Slip and falls are one of the most common accidents in the United States. Though some slip and falls may only lead to a sense of embarrassment, others can lead to permanent and serious damage to the body. Thus, it makes sense that an establishment owner should ensure that his or her establishment is safe. However, it is also important that people who visit an establishment should be responsible and not behave recklessly. In order to achieve this through law, Louisiana has an “open and obvious” doctrine, which states that an establishment is not responsible for people who were injured due to an open and obvious defect at the establishment.
While out for some exercise at the Acadiana Mall in Lafayette, Wilson Trahan slipped and fell on a sidewalk, fracturing his right fibula. Trahan apparently slipped on a buildup of algae while trying to avoid a surface of water on the sidewalk. Trahan sued Acadiana Mall, but the district court dismissed his lawsuit. Trahan appealed, and the Court of Appeal ordered the district court to retake Trahan’s case for further proceedings. However, the district court ruled in favor of Acadiana Mall, holding that the algae buildup was open and obvious and that Trahan did not have a legitimate claim.
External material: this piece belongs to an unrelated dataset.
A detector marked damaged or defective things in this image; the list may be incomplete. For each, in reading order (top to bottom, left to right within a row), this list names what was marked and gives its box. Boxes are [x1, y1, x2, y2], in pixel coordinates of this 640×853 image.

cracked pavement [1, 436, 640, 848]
Trahan appealed once more to the Third Circuit Court of Appeal, arguing that the district court erred in using the open and obvious doctrine to rule in favor of Acadiana Mall.
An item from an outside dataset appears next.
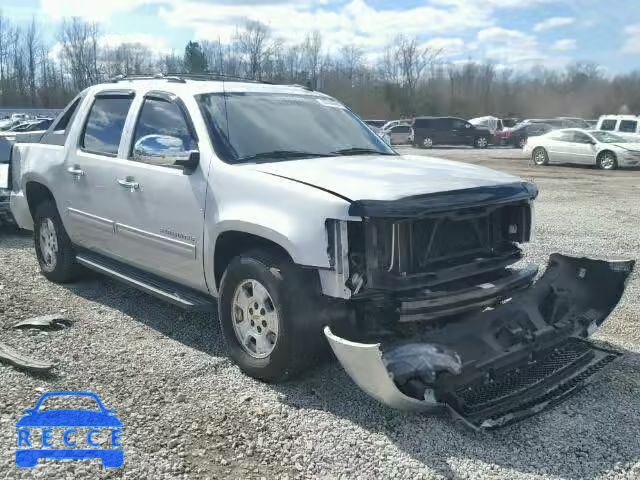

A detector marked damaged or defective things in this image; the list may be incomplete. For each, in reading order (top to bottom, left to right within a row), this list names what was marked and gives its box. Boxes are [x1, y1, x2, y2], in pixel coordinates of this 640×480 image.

damaged front bumper [328, 253, 632, 430]
cracked bumper cover [324, 255, 636, 428]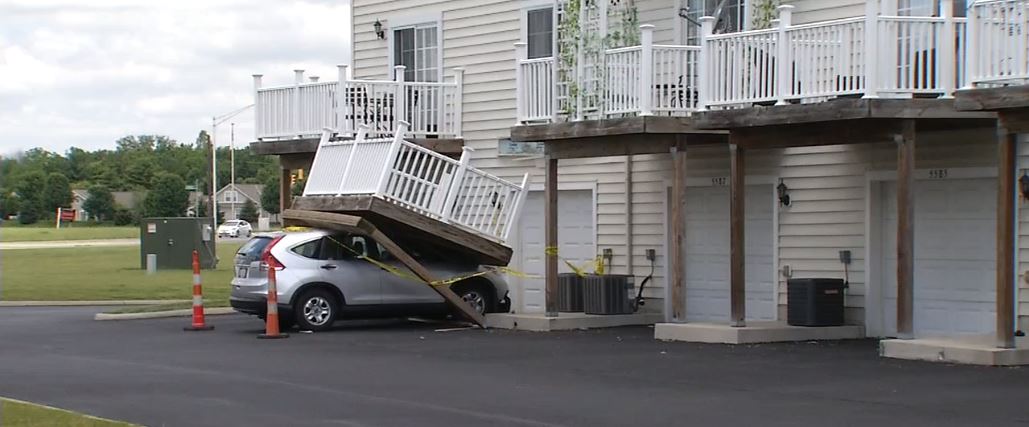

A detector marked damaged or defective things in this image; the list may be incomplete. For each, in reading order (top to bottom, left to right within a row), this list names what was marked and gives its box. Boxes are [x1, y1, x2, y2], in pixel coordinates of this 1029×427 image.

crushed silver suv [230, 229, 512, 332]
Under Louisiana law, an owner or custodian is responsible for a thing under his or her control and that an owner or custodian is responsible for any damage that the thing causes due to the negligence of the owner or custodian. La. C.C. art. 2317.1. For a plaintiff to successfully prove their claim, he or she must show: (1) that the defendant owned the thing that caused the damage; (2) that the thing had a defect and presented an unreasonable risk of harm; (3) that the defendant should have known about the defect; (4) that the defect could have been prevented if the defendant had taken reasonable care; and (5) that the defendant did not take reasonable care. Riggs v. Opelousas Gen. Hosp. Trust Auth., 997 So.2d 814 (La. App. Ct. 2008). However, if the defect is open and obvious, there is not an unreasonable risk of harm. Broussard v. State ex rel. Office of State Bldgs., 113 So.3d 175 (La. 2013).
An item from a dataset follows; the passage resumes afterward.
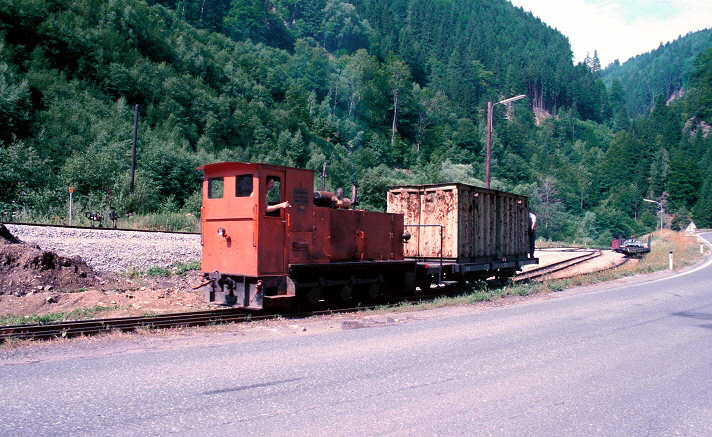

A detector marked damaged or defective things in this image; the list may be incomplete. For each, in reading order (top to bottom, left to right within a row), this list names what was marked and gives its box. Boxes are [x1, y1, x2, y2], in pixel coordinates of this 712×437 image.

rusty freight wagon [386, 183, 536, 288]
The Third Circuit Court of Appeal ruled that the substance Trahan slipped on was open and obvious, emphasizing that it did not matter whether Trahan believed the substance he slipped on was open and obvious. Instead, the Court looked to see if the district court record established that a fact-finder could reasonably determine if the substance was. Because the district court judge was the fact-finder in this case and the evidence could reasonably point a fact-finder to determine that the defect was open and obvious, the Court agreed with the district court’s decision.
Though Trahan lost his case due to the open and obvious doctrine. we should realize that the open and obvious doctrine exists because it encourages people to be responsible and not act recklessly.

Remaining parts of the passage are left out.